Guitar Chords Chart
This is a guitar chords chart for standard tuning (E A D G B E), from the lowest/thickest string to the highest/thinnest string. I built it from years of teaching beginners their first shapes: find a chord, see exactly where your fingers go, start with the handful that matter most, then use the printable poster when you want the full reference.
Start here: the first guitar chords to learn
If you're new to guitar, start with Em, Am, E, A, D, G, and C. These open chords are easier to play than barre chords, they use standard tuning, and they turn up in thousands of songs.
Don't try to memorize every chord at once. Learn two or three shapes, practice changing between them slowly, then add the next chord once the changes feel steady.
Free guitar chords chart for standard tuning
The essential open chords below are the first shapes most guitar players should learn in standard tuning. These use the same diagram style as the full Kalymi Music poster, so what you practice here matches the printable reference exactly.
Essential open chords (standard tuning)
These essential open chords are free. Barre and power chord examples are shown further down, and the full set is on the printable Guitar Chord Poster + eBook: 96 chords on the poster and 168 in the eBook.
Free printable PDF: download the 20 essential guitar chords from this page on one clean printable sheet: open chords, 7th chords, barre chords, and power chords in standard tuning.
Download the Free Guitar Chords PDF ↓How to read a guitar chord chart
Every chord diagram is a snapshot of the neck as if you stood the guitar up and looked straight at it.
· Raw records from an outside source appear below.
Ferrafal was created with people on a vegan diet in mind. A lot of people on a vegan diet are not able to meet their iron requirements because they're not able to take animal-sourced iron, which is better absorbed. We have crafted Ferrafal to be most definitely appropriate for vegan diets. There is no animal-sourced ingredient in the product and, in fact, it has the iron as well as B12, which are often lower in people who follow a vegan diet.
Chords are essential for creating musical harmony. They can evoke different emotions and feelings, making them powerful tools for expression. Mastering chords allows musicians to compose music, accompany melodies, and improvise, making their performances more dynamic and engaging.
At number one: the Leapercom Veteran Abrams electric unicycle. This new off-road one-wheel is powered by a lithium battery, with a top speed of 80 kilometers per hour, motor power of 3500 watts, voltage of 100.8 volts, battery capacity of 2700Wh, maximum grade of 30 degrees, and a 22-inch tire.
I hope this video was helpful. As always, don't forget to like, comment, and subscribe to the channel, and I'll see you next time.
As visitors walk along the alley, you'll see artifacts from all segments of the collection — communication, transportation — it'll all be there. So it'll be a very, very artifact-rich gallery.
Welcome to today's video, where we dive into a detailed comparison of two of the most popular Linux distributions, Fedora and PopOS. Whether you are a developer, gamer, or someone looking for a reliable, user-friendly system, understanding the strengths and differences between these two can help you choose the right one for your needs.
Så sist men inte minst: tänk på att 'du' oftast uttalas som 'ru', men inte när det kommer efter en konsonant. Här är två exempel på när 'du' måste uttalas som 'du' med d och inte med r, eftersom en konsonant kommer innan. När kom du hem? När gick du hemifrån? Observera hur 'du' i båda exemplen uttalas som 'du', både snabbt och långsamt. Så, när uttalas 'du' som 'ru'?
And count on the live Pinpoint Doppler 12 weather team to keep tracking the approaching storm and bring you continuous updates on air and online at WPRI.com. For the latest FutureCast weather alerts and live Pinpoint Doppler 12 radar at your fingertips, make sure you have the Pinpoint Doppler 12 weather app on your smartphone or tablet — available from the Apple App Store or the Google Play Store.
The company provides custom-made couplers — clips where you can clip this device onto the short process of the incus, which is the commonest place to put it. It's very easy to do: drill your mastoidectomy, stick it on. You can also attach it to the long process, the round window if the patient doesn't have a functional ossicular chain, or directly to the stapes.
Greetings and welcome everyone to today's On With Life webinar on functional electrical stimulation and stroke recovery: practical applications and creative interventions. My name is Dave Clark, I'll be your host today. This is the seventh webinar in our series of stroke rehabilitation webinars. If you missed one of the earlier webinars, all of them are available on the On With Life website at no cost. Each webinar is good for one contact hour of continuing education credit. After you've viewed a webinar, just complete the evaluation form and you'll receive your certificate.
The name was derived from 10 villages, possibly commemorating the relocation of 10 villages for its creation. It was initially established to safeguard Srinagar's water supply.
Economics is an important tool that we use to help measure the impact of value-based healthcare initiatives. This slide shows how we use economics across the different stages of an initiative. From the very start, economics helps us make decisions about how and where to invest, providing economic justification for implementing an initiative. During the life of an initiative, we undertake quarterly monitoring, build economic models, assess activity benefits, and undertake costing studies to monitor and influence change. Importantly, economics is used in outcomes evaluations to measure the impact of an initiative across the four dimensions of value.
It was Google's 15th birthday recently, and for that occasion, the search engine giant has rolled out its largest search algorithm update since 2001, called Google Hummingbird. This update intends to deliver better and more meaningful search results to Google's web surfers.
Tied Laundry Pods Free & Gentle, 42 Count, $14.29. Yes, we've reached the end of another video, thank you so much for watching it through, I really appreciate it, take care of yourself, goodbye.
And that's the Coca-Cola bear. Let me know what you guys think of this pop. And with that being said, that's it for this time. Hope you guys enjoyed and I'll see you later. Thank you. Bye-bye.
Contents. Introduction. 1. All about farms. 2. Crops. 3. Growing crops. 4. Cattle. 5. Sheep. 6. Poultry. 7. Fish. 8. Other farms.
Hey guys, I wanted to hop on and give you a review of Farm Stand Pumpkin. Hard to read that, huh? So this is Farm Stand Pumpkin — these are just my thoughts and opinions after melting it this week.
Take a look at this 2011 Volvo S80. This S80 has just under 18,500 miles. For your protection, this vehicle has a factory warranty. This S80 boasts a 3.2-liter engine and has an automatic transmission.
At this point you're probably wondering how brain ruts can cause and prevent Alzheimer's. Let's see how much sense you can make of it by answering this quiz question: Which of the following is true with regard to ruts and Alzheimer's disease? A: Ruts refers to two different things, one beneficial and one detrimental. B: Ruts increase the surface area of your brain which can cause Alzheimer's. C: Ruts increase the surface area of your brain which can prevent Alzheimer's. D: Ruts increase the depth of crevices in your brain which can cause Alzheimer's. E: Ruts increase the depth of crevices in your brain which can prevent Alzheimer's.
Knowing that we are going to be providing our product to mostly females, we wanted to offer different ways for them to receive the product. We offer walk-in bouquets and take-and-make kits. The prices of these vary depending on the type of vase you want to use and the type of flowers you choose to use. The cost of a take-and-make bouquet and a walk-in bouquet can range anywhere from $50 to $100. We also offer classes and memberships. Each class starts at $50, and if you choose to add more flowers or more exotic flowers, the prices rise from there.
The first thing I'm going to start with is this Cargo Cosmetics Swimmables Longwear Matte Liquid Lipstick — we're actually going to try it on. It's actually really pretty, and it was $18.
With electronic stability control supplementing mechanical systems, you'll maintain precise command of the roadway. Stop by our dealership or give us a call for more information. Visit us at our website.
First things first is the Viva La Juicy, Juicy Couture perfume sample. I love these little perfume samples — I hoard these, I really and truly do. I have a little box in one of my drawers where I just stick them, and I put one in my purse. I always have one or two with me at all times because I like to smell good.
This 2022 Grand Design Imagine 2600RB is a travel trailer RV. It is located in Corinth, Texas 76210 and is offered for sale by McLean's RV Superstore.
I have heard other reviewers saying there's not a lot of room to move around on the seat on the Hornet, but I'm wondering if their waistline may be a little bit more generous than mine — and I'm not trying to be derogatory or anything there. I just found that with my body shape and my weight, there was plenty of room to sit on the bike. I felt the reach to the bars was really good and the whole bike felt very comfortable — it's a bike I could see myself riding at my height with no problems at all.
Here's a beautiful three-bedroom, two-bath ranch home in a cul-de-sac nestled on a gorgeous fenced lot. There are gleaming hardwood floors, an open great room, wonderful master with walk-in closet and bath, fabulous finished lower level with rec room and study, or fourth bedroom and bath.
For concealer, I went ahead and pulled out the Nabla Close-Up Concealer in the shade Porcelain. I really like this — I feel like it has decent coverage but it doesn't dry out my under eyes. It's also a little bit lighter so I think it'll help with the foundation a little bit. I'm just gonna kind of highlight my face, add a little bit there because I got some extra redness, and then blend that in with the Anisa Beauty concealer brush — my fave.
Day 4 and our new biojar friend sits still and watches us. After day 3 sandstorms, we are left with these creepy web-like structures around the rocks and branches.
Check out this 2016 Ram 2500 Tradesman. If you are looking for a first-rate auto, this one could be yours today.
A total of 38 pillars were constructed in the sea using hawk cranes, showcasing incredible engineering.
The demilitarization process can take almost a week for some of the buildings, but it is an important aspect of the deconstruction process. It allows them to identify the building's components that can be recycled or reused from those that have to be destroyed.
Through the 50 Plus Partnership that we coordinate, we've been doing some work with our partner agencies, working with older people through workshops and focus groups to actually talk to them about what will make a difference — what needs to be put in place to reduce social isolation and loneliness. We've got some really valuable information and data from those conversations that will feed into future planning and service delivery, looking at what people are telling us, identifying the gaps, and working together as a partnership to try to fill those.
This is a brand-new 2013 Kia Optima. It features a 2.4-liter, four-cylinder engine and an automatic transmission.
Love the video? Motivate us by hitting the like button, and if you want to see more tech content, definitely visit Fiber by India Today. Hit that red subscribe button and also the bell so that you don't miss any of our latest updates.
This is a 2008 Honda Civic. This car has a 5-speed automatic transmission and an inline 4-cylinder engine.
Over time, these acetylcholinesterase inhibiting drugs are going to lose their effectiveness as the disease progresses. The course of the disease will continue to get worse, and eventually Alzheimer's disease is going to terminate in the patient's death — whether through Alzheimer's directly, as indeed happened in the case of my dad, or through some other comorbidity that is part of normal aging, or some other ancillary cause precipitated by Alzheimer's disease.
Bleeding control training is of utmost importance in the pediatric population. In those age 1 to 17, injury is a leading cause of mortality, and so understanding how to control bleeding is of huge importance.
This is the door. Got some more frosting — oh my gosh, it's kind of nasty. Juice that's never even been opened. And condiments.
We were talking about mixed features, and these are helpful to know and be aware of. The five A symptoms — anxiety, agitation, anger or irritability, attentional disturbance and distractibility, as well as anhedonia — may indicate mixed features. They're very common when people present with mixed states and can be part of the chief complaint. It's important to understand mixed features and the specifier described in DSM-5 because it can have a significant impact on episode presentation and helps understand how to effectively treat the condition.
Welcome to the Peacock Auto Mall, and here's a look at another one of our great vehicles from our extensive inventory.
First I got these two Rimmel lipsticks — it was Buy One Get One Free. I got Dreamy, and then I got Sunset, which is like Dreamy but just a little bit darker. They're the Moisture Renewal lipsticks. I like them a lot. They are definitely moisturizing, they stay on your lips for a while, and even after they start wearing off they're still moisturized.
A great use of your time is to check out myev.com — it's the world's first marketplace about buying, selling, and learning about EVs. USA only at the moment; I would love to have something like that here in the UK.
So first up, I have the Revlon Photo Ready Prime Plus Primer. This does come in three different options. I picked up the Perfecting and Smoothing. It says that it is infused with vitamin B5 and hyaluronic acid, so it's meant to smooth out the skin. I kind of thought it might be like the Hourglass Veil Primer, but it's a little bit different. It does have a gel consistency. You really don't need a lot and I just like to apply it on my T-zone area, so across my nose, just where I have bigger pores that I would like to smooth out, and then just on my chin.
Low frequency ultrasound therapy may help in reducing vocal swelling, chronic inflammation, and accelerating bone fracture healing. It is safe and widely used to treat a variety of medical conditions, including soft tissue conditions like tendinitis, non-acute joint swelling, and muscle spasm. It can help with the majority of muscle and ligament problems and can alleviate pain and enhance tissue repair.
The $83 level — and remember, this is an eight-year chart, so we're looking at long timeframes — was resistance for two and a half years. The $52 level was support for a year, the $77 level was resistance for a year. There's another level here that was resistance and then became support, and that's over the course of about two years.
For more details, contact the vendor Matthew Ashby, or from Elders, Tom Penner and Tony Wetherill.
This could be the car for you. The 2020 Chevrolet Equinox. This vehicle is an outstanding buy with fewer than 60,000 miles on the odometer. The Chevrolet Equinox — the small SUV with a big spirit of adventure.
Once you can read one, you can read them all. The chart below breaks it into the three things you need.
Fingering
The finger numbers are the same on every chart: 1 index, 2 middle, 3 ring, 4 pinky, and T for thumb. The hand is drawn palm up, the way you look down at your own fretting hand.
Open chords (the Am example)
- The vertical lines are the strings, with the lowest, thickest E on the left, and the horizontal lines are the frets. The thick bar across the top is the nut.
- A dot shows where to press a string down, and the number beneath the diagram tells you which finger to use.
- An O above a string means play it open. An X means don't play that string at all.
Barre chords (the F#m example)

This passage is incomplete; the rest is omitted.